Suppose \(A\) is any \(3 \times 3\) non-singular matrix and \((A-3 I)(A-5 I)=O\), where \(l=I_{3}\) and \(O=O_{3}\). If \(\alpha A+\beta A^{-1}=4 I\), then \(\alpha+\beta\) is equal to [Online April 15, 2018] (a) 8 (b) 12 (c) 13 (d) 7

If \(\mathrm{A}=\left[\begin{array}{cc}2 & -3 \\ -4 & 1\end{array}\right]\), then \(\operatorname{adj}\left(3 \mathrm{~A}^{2}+12 \mathrm{~A}\right)\) is equal to: \([\mathbf{2 0 1} 7]\) (a) \(\left[\begin{array}{cc}72 & -63 \\ -84 & 51\end{array}\right]\) (b) \(\left[\begin{array}{cc}72 & -84 \\ -63 & 51\end{array}\right]\) (c) \(\left[\begin{array}{ll}51 & 63 \\ 84 & 72\end{array}\right]\) (d) \(\left[\begin{array}{ll}51 & 84 \\ 63 & 72\end{array}\right]\)

Let A be any \(3 \times 3\) invertible matrix. Then which one of the following is not always true? \(\quad\) [Online April 8, 2017] (a) \(\operatorname{adj}(\mathrm{A})=|\mathrm{A}| \cdot \mathrm{A}^{-1}\) (b) \(\operatorname{adj}(\operatorname{adj}(\mathrm{A}))=|\mathrm{A}| \cdot \mathrm{A}\) (c) \(a d j(a d j(A))=|A|^{2} \cdot(a d j(A))^{-1}\) (d) \(\operatorname{adj}(\operatorname{adj}(\mathrm{A}))=|\mathrm{A}| \cdot(\operatorname{adj}(\mathrm{A}))^{-1}\)

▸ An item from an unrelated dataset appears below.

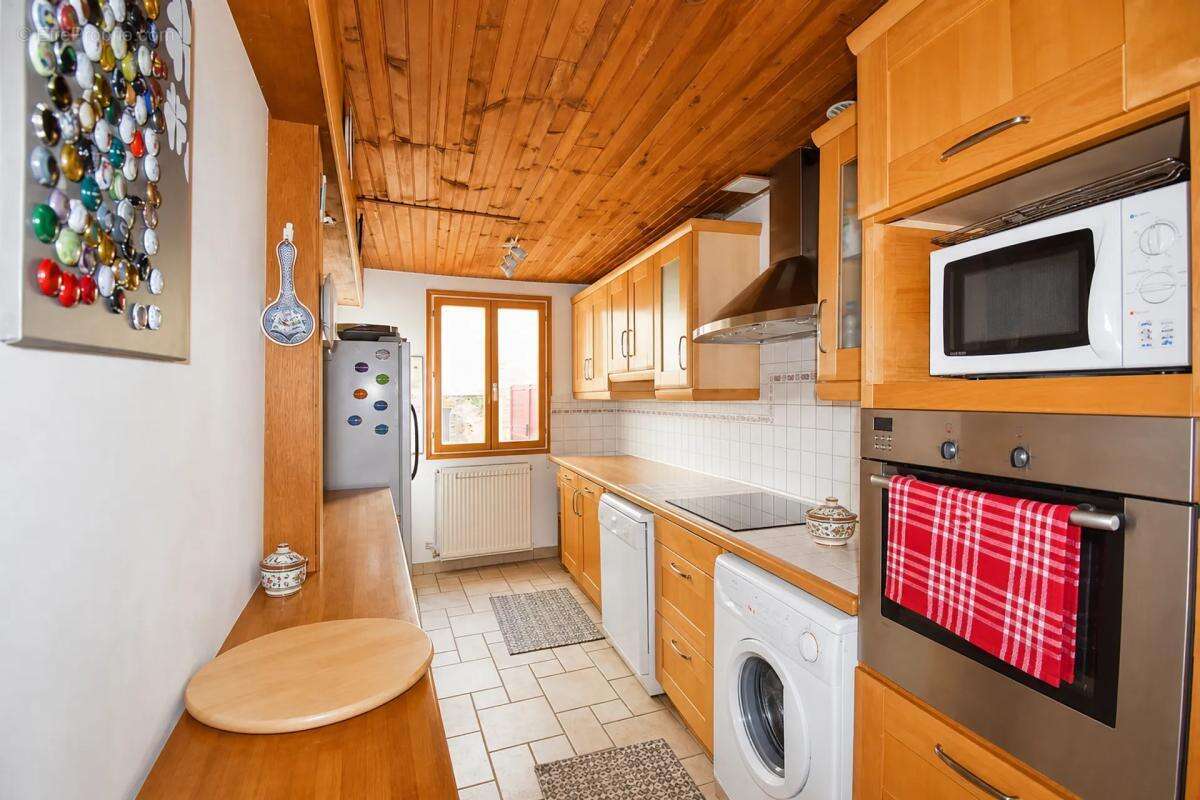 Maison familiale de 319 m² à Saintigny, 10 pièces - photo 3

If \(\mathrm{A}=\left[\begin{array}{cc}5 \mathrm{a} & -\mathrm{b} \\ 3 & 2\end{array}\right]\) and \(\mathrm{A} \mathrm{adj} \mathrm{A}=\mathrm{A} \mathrm{A}^{\mathrm{T}}\), then \(5 \mathrm{a}+\mathrm{b}\) is equal to: [2016] (a) 4 (b) 13 (c) \(-1\) (d) 5

Let \(\mathrm{A}\) be a \(3 \times 3\) matrix such that \(\mathrm{A}^{2}-5 \mathrm{~A}+7 \mathrm{I}=0\). Statement \(-\mathrm{I}: \mathrm{A}^{-1}=\frac{1}{7}(5 \mathrm{I}-\mathrm{A})\) Statement II : the polynomial \(\mathrm{A}^{3}-2 \mathrm{~A}^{2}-3 \mathrm{~A}+\alpha\) can be reduced to \(5(\mathrm{~A}-4 \mathrm{I})\). [Online April 10, 2016] Then: (a) Both the statements are true. (b) Both the statements are false. (c) Statement-I is true, but Statement-II is false. (d) Statement I is false, but Statement-II is true.

If \(\mathrm{A}\) is a \(3 \times 3\) matrix such that \(|5 \cdot \mathrm{adj} \mathrm{A}|=5\), then \(|\mathrm{A}|\) is equal to : [Online April 11, 2015] (a) \(\pm \frac{1}{5}\) (b) \(\pm \frac{1}{25}\) (c) \(\pm 1\) (d) \(\pm 5\)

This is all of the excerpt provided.